Even at this early stage, the GSA is a considerable improvement over many existing science archives. The prototype will lead, within the next year, to the "basic archive," which will be fully functional for the searching and retrieval of data, and will only lack some of the more advanced features that will make future versions of the GSA an extremely powerful tool for data mining.
Using the prototype requires users to have a CADC account, as is the case for all CADC hosted archives. These are given freely to everyone upon completion of a simple registration form on the CADC homepage. The interface of the GSA prototype is web-based using a number of forms (see the above picture) to search for data based upon a variety of observation parameters. For example, one could search for all data taken with Gemini's facility near-infrared imager (NIRI), between the wavelengths of 2 and 3 microns on sources between Right Ascension 9 and 10 hours and Declination 60 through 70 degrees. Such a search currently produces 12 observations available from Gemini whose proprietary periods have expired as of November 13th, 2003 (see example below). The same search can be performed for all data, even those whose proprietary period has not yet expired. This latter feature is important and since it allows researchers to find all data that has been taken and determine when it will be publicly available. However, only data whose proprietary period has expired will be available for download.

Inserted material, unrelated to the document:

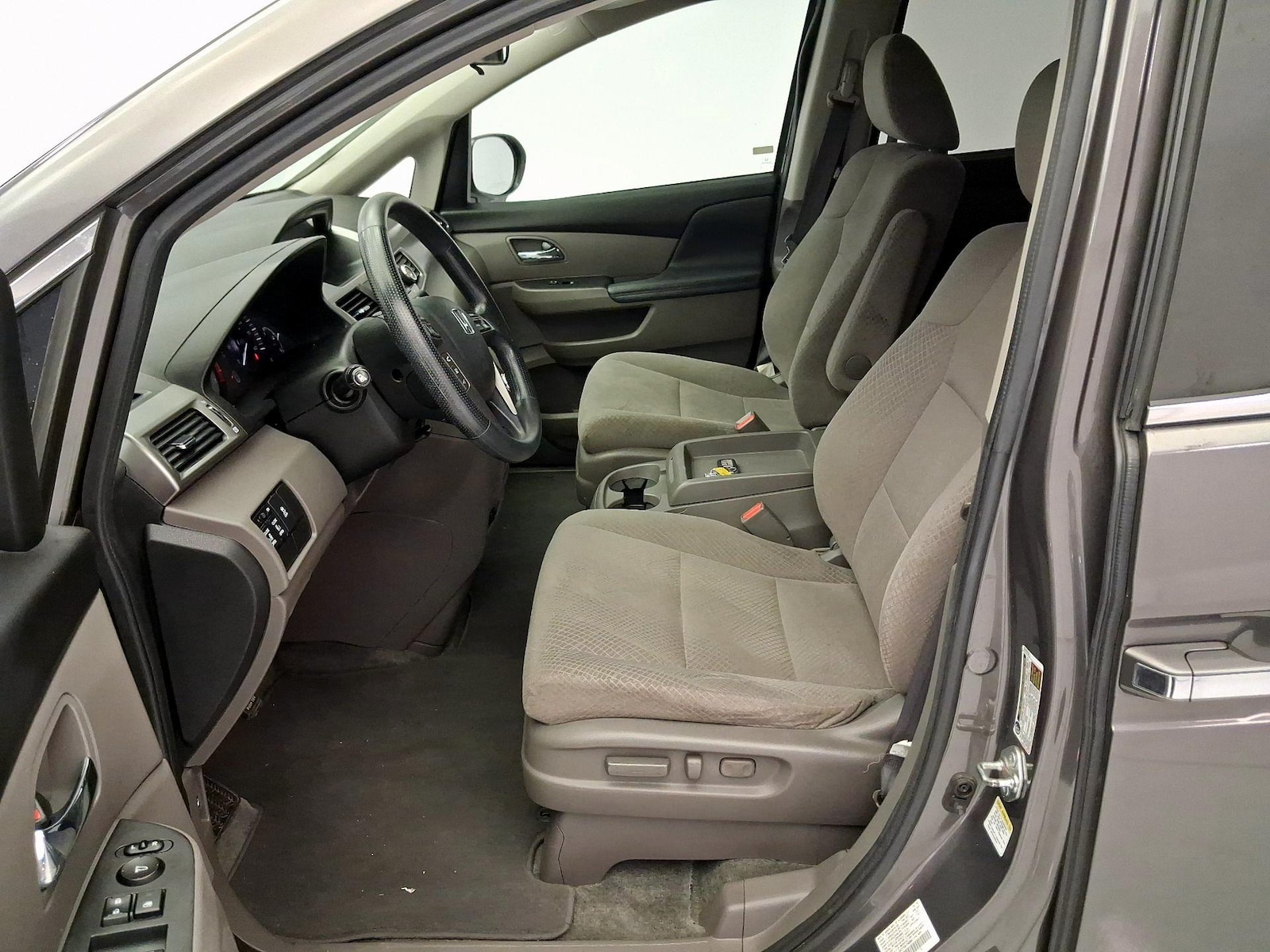 2016 Honda Odyssey SE - Photo 10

Another very useful feature displayed on the results page are the hyperlinks that will either take you to all the data acquired on the same night as a specific entry, or to a view of the calibration data acquired during that night. This enables off-line processing of raw data to take place with the correct and most appropriate calibration files.
The next step in the development of the GSA will be the release of the complete basic archive, which is anticipated during the first half of 2004. The complete basic archive will contain, among other features, links to appropriate meta-data including weather information, links to the science programs under which the data was taken, augmented FITS header information, data-set catalogs of related observations and archived On-Line Data Processing (OLDP) results for instant preview.
We are currently working on an additional contract with CADC to implement advanced capabilities for the GSA that will allow the execution of more complex tasks and assure compatibility of the GSA with the Virtual Observatory (VO) world. Advanced capabilities include on-the-fly reprocessing of raw data to provide fully reduced datasets for download, cross-referencing archive content with other GSA contents well as other archives (e.g., the HST archive), and advanced catalog creation (e.g., source catalogs with fluxes cross-referenced to other similar catalogs perhaps containing fluxes at other wavelengths).
We hope you are convinced that the release of the GSA prototype is a major step in the development of the Gemini Observatory and of the usefulness of archives in general. You are welcome to try out the GSAp and make use of the growing archive of Gemini data!
The Gemini Science Archive prototype is powered by software developed by CONICYT and CADC, and contains data and meta-data provided by the Gemini Observatory.